Task to complete.
In the entries below, find the line with "GT Prada Amecica's Cup Fabric Sneakers Gold" and the line with "F&amp;F Quilted Green Jacket". Repeat exactly everything between them, those two lines included, but not the pictures.

Working data.
- - - - -

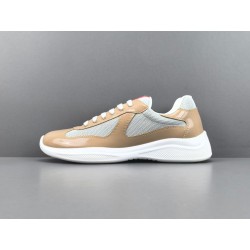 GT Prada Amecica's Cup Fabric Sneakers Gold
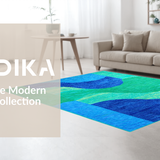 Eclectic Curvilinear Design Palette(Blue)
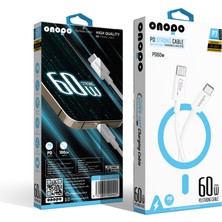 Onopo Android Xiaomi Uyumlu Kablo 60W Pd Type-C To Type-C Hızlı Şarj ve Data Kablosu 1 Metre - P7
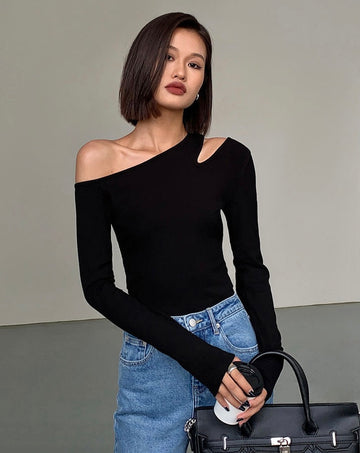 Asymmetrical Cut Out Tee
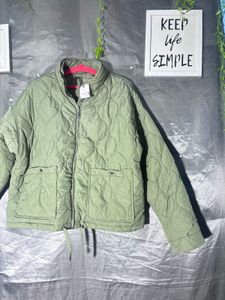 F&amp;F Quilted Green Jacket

- - - - -

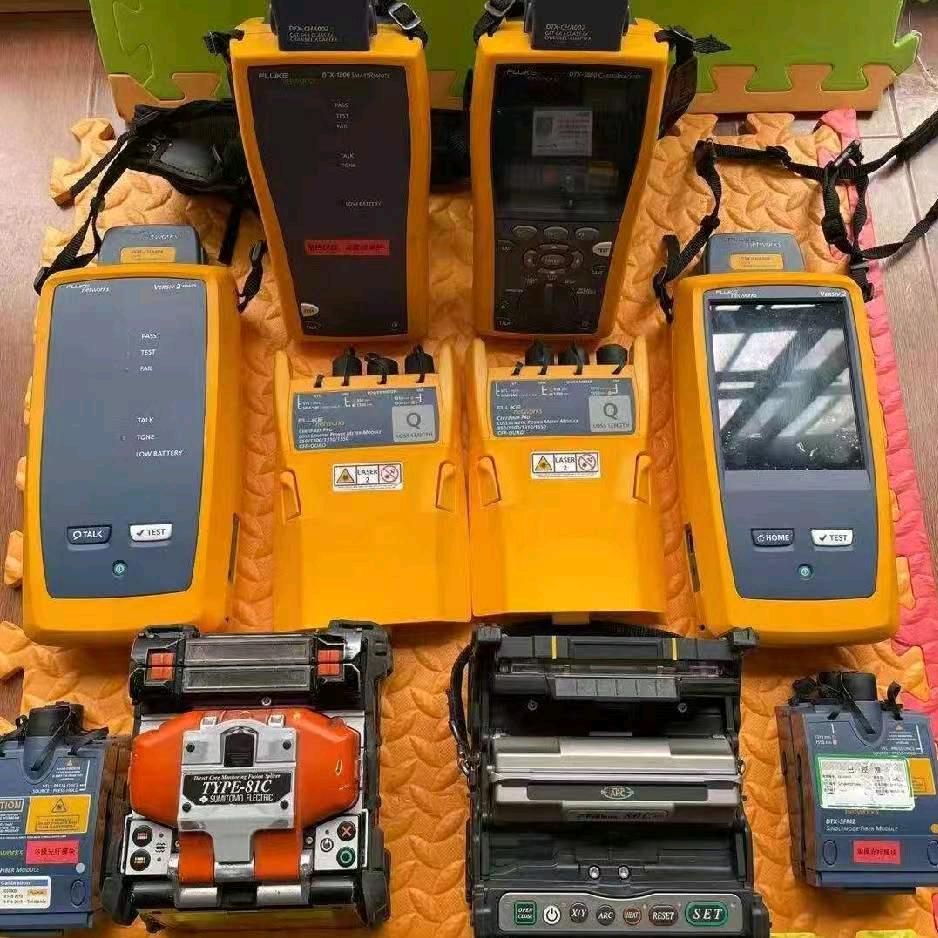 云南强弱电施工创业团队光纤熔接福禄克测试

- - - - -

Your response.
 GT Prada Amecica's Cup Fabric Sneakers Gold
 Eclectic Curvilinear Design Palette(Blue)
 Onopo Android Xiaomi Uyumlu Kablo 60W Pd Type-C To Type-C Hızlı Şarj ve Data Kablosu 1 Metre - P7
 Asymmetrical Cut Out Tee
 F&amp;F Quilted Green Jacket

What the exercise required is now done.